Monday, February 21, 2011

Poor Americans - The Problem of Consolidated Wealth

If I was a conspiracy theorist, I would say that it was the fault of big money.  I've been trying to watch the same documentary courtesy of Netflix for over two weeks.  My Bluray player won't read the disc.  Windows won't read the disc.  Ubuntu only would read 30 minutes of the disc before deciding there wasn't any information left on it.  By the way, the DVD doesn't have any scratches.  It doesn't have any flaws as far as I can tell.  So why won't it play?

The One Percent is a telling documentary about wealth disparity in the U.S. and the connection between Washington D.C. and richest people in America.  I have to wonder why I had such difficulty watching this film that was supposed to be circulated by a corporate agency created for the express purpose of film circulation.  I feel thwarted. 

Despite this, I know what the conclusion is.  It is dangerous for so much wealth to be consolidated in the hands of so few.  Not only can we talk about the consolidation of financial wealth, but social wealth as well.  Even in the case where a child is deprived of their monetary inheritance, they still have their name.  A name can give you many things.  Connections are inherited.  Social circles are built on names.  It is impossible to deny that social capital has as much importance as financial. 

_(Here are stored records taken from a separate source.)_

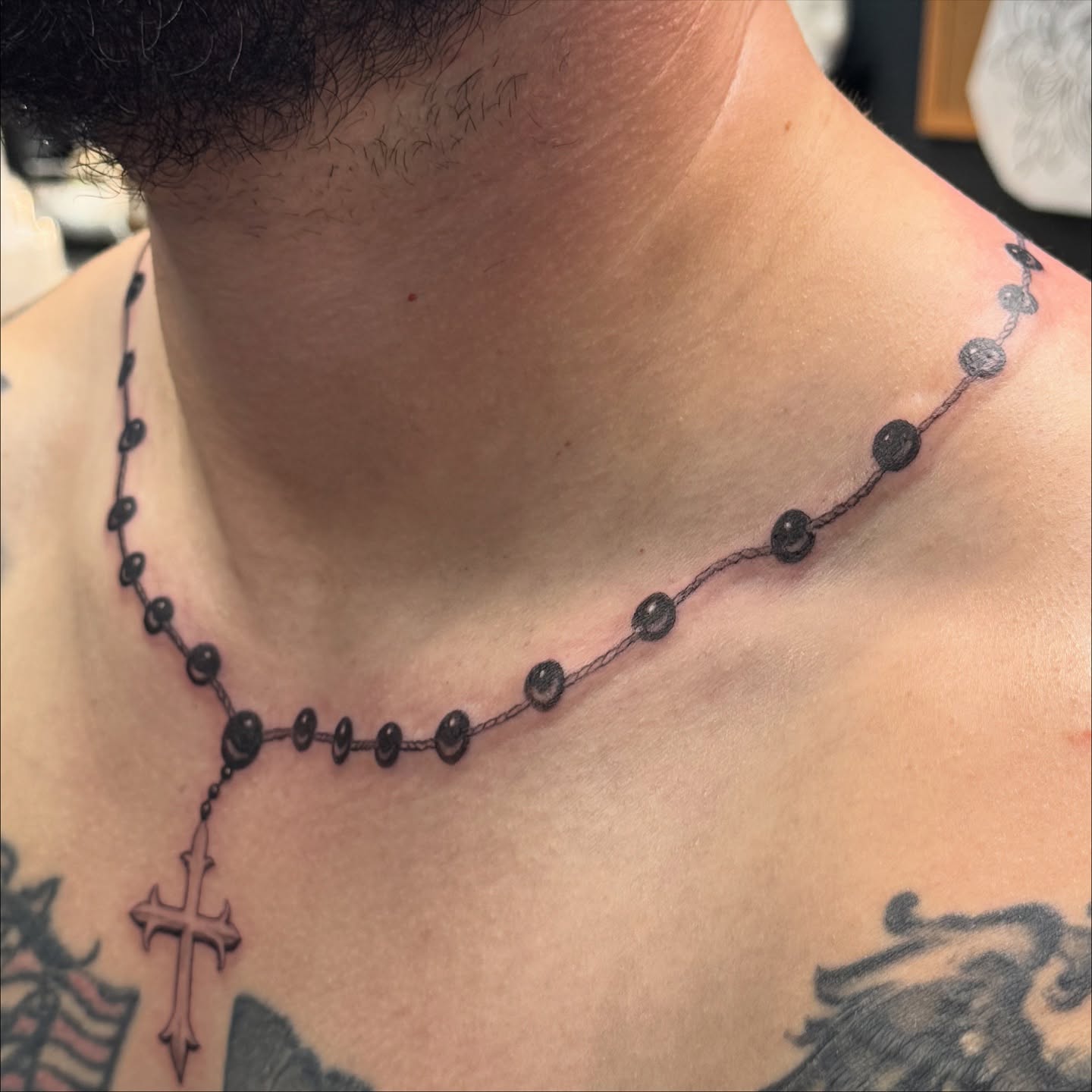 Rosary dotwork tattoo on the neck by Hori Shit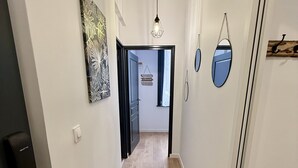 A hallway with a wooden floor, white walls, and a door at the end. There are wall-mounted lights and a ceiling light. - Le Calais Wilson 1 : 4 pers (Calais)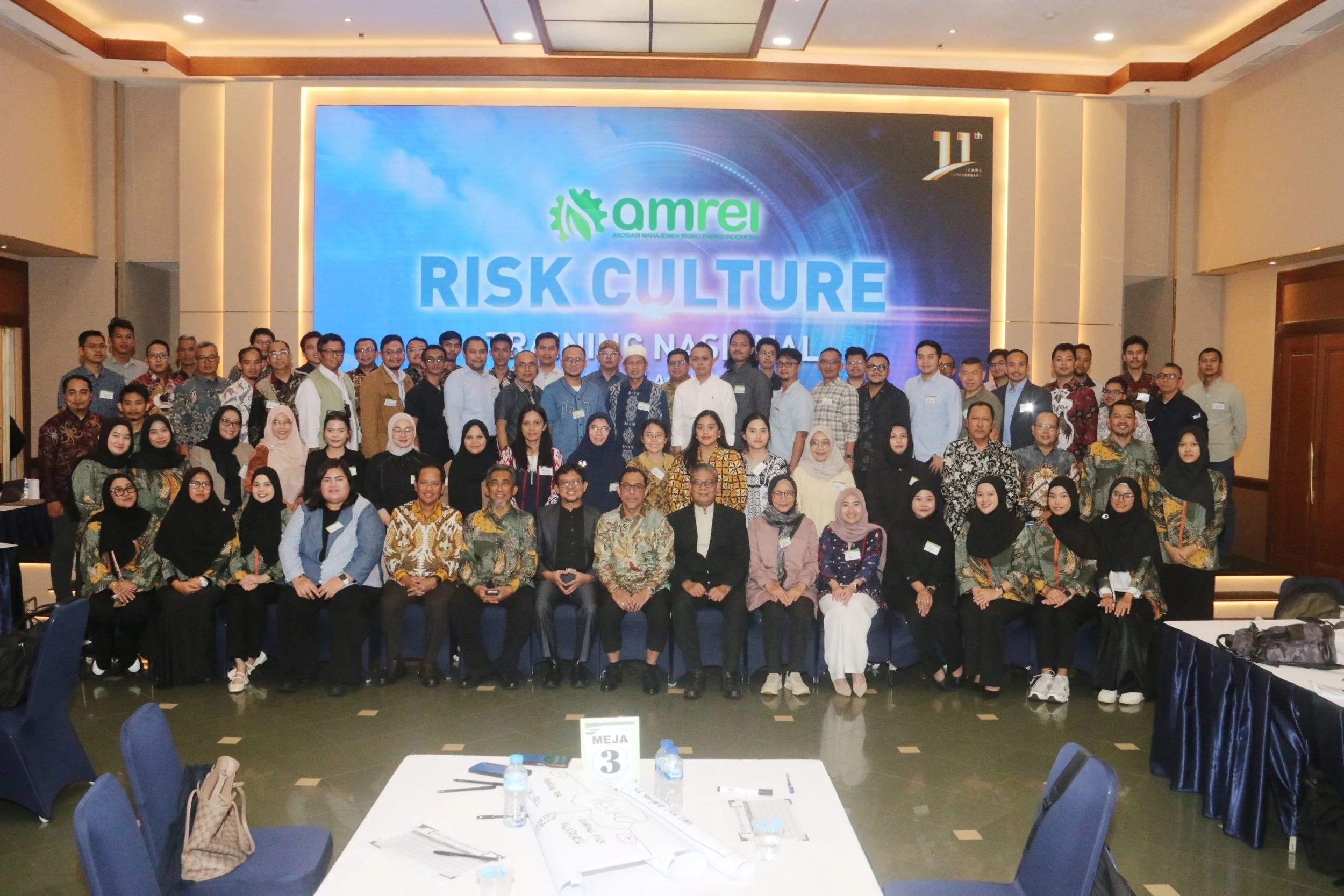 Group of people posing for a photo on stage at a conference with a large screen behind them that reads 'amrei RISK CULTURE' and '11th' anniversary logo.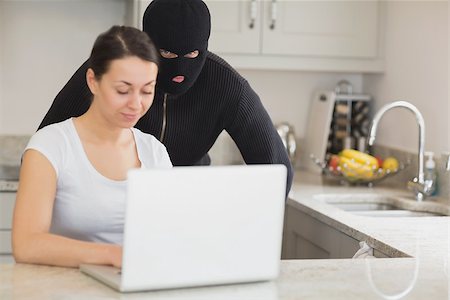 Woman using laptop while burgler is watching in kitchen Stock Photo - Budget Royalty-Free & Subscription, Code: 400-06881867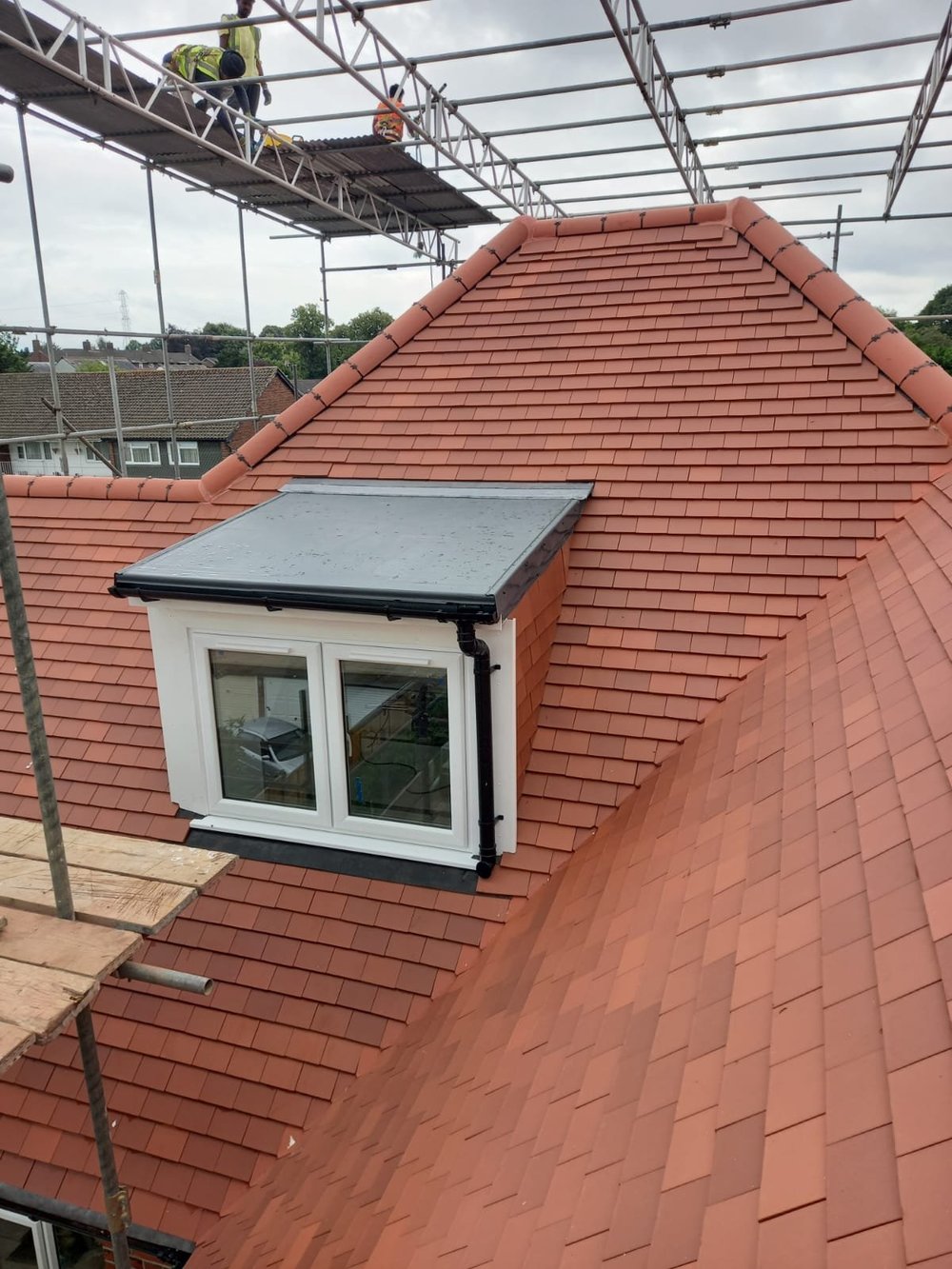 New dormer finished in red clay tiles on a Wimbledon house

The recommendations of close friends get jobs.  Relationships facilitate class movement, wealth generation, and general improvement of a person's situation.  The bigger your social network, the better chances you have of getting things you want. The more influential your connections, the more options you have.  It is therefore impossible to disenfranchise an heir of the top one percent, unless they themselves have singlehandedly squandered their wealth and connections (which would take a great deal of effort). And who, in their right mind would do such a thing? No one.  Certainly not me.